YOUR INSTRUCTIONS » Write out the following records exactly, each one in full.

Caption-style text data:
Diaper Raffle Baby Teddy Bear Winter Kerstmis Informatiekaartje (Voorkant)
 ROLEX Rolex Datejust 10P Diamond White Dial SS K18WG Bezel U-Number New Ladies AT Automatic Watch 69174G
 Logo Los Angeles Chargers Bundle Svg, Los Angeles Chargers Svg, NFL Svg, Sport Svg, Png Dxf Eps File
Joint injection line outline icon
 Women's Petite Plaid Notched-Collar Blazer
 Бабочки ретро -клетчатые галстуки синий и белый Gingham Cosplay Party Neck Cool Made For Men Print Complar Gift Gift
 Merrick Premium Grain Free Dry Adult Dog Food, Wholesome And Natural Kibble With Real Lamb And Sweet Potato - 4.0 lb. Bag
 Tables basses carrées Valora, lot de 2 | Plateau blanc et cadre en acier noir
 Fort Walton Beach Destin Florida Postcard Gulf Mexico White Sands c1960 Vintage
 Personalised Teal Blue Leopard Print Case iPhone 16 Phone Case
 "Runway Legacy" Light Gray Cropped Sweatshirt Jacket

REPLY TO THE EXERCISE »
Diaper Raffle Baby Teddy Bear Winter Kerstmis Informatiekaartje (Voorkant)
 ROLEX Rolex Datejust 10P Diamond White Dial SS K18WG Bezel U-Number New Ladies AT Automatic Watch 69174G
 Logo Los Angeles Chargers Bundle Svg, Los Angeles Chargers Svg, NFL Svg, Sport Svg, Png Dxf Eps File
Joint injection line outline icon
 Women's Petite Plaid Notched-Collar Blazer
 Бабочки ретро -клетчатые галстуки синий и белый Gingham Cosplay Party Neck Cool Made For Men Print Complar Gift Gift
 Merrick Premium Grain Free Dry Adult Dog Food, Wholesome And Natural Kibble With Real Lamb And Sweet Potato - 4.0 lb. Bag
 Tables basses carrées Valora, lot de 2 | Plateau blanc et cadre en acier noir
 Fort Walton Beach Destin Florida Postcard Gulf Mexico White Sands c1960 Vintage
 Personalised Teal Blue Leopard Print Case iPhone 16 Phone Case
 "Runway Legacy" Light Gray Cropped Sweatshirt Jacket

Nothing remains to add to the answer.